───── Information provided ─────

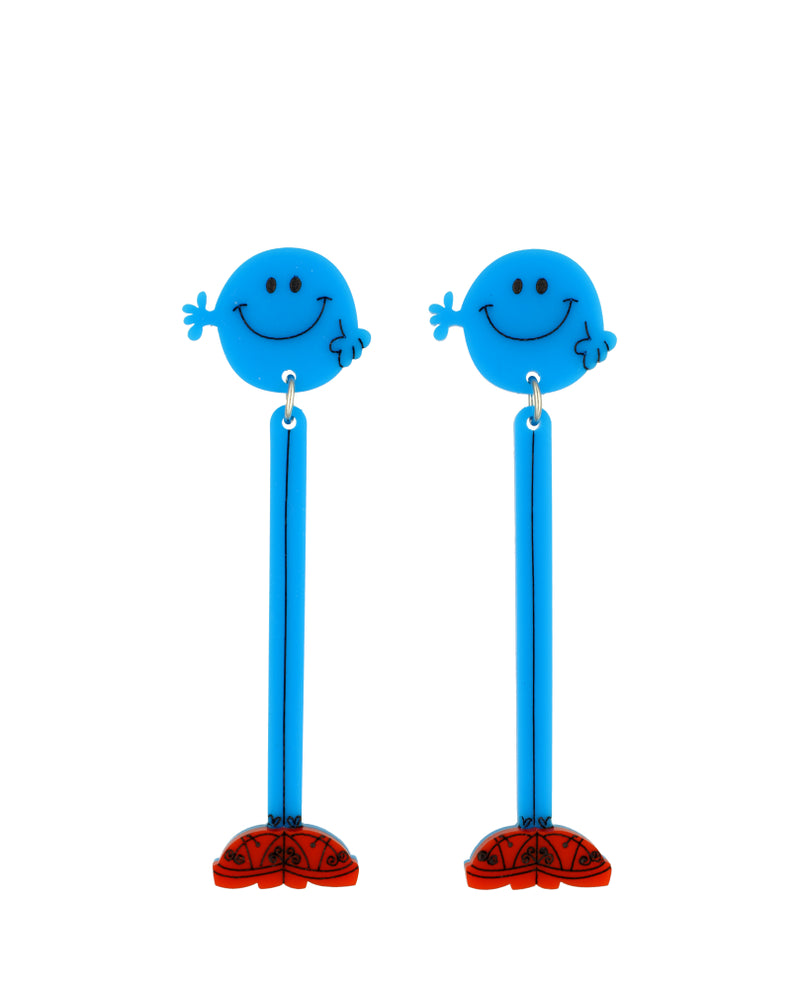 Long Legs Mr. Tall Earrings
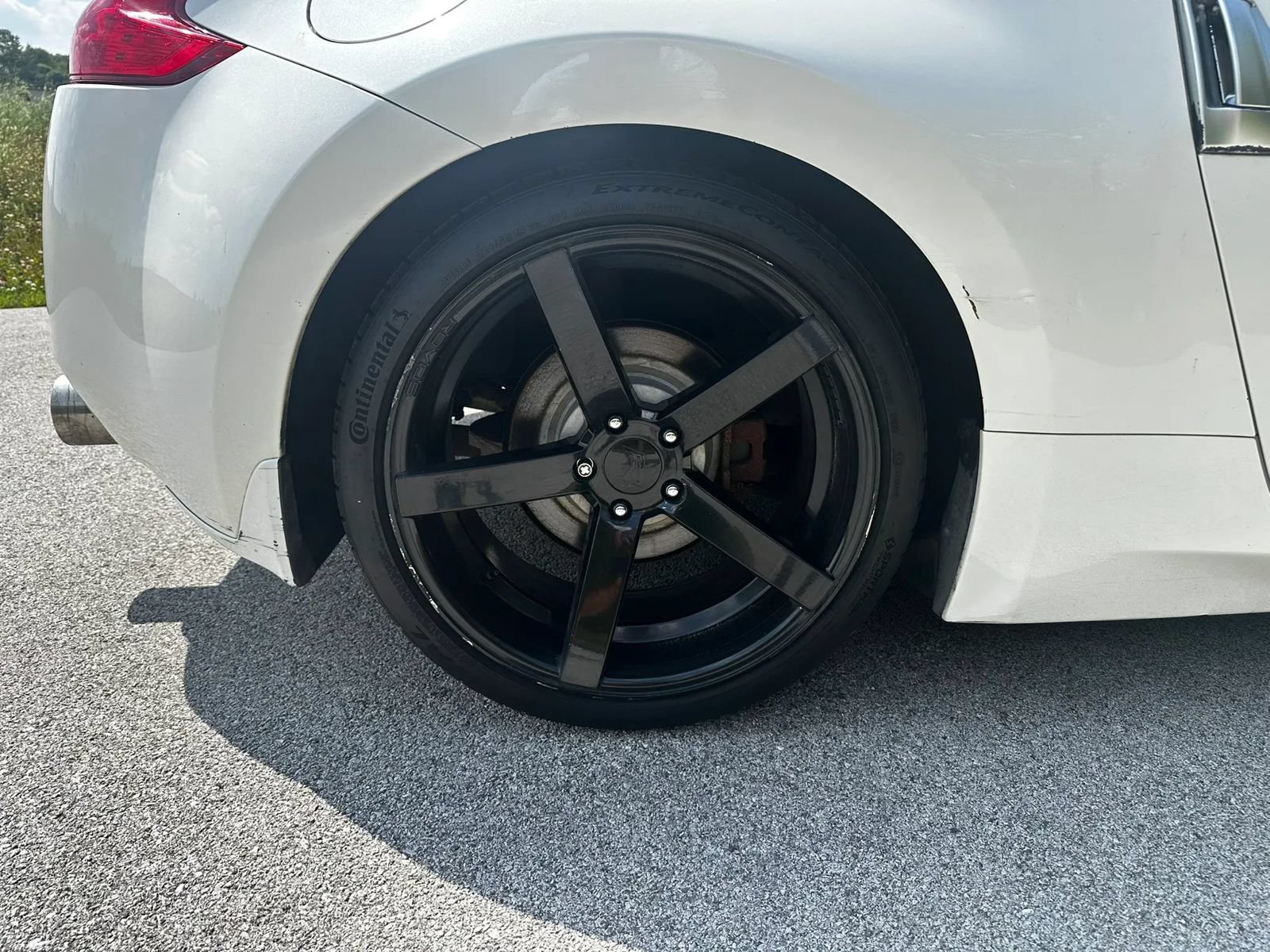 Used 2014 Nissan 370Z Touring RWD image 23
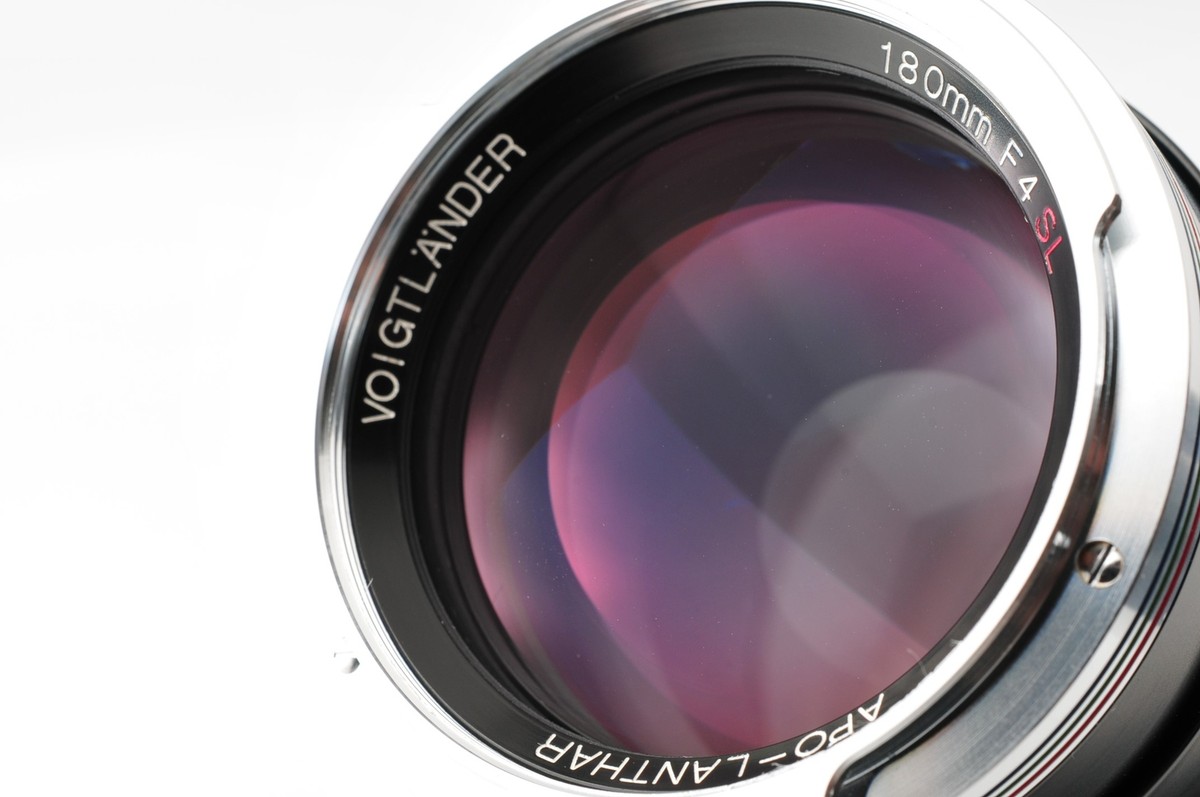 Voigtlander APO-LANTHAR 180mm F4 SL（MD) Voigtlander APO-Lanthar 180mm f/4 SL - Review / Test Report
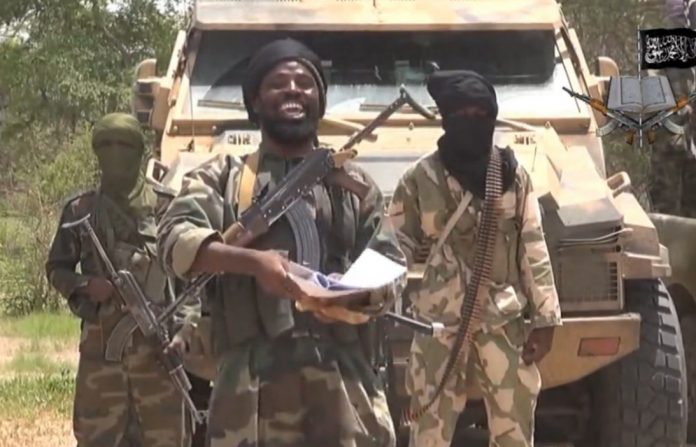 Abubakar Shekau Left 83 Concubines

─────

→ Task to carry out
Hand back the data above exactly, leaving out all pictures.

→ Answer section
 Long Legs Mr. Tall Earrings
 Used 2014 Nissan 370Z Touring RWD image 23
 Voigtlander APO-LANTHAR 180mm F4 SL（MD) Voigtlander APO-Lanthar 180mm f/4 SL - Review / Test Report
 Abubakar Shekau Left 83 Concubines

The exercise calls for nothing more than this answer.